Many of you might be wondering why Android tablets haven’t been flooding the market like some had predicted. The reason for this particular case of cold feet is Android’s inability to scale well on screens bigger than 5 inches. Android 2.2 (Froyo) currently supports screen resolutions of up to 854×480 pixels, but this is expected to increase in future updates. Many are speculating that Android 3.0, codename Gingerbread, will support screen resolutions upwards of 1280×760, although there is nothing official on record thus far.
Peter Borup Jakobsen, director of collaboration architecture marketing at Cisco Systems Asia-Pacific, feels that Google could benefit from a partnership with the Open Handset Alliance, a conglomerate of 76 technology and mobile companies who seek to advance mobile innovation. Google can also optimize the software internally, which would prevent companies like Cisco from having to engineer their own SDKs (software development kit) for devices like the Cius, an enterprise level Android tablet currently slated for a Fall release.
There have also been fears that Android tablets will be unable to compete with the behemoth that is Apple’s iPad, but not according to Bo H. Choi, vice president and head of mobile communications marketing at LG Electronics Asia. Choi argues that different users have different requirements, and that an Android tablet has the potential to offer a more cost-effective solution, especially for those in education. He also adds that the open source platform will attract many who currently shy away from proprietary devices like the iPad, and encourage more innovation among developers.

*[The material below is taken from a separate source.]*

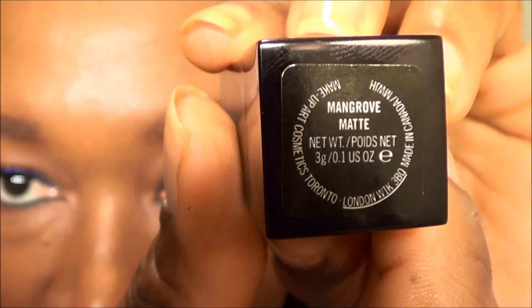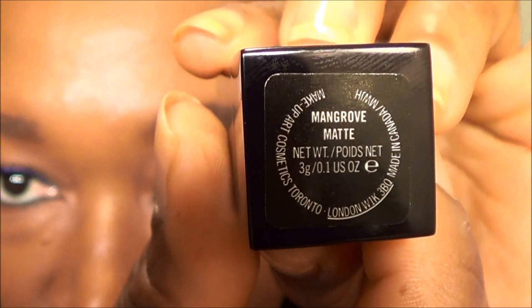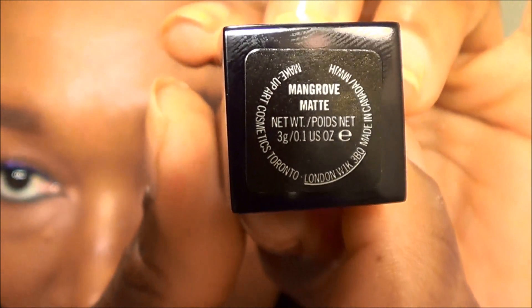I think it would just be gorgeous on other dark skin people. This is the MAC lipstick — it's called Mangrove and it says matte, so it's a matte lipstick. It comes in this pretty package; I just thought the packaging was so cute. So this is what it looks like right there.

Ultimately, we have only begun to see the tip of the iceberg when it comes to Android based tablets. With the recent announcement of devices from both Motorola and Samsung, more developers are sure to follow suit. Also, as previously mentioned, updates and improvements to the Android OS is sure to spark additional interest among manufacturers. Google will hopefully work with tablet makers to ensure they have the tools they need to take Android tablets to the next level.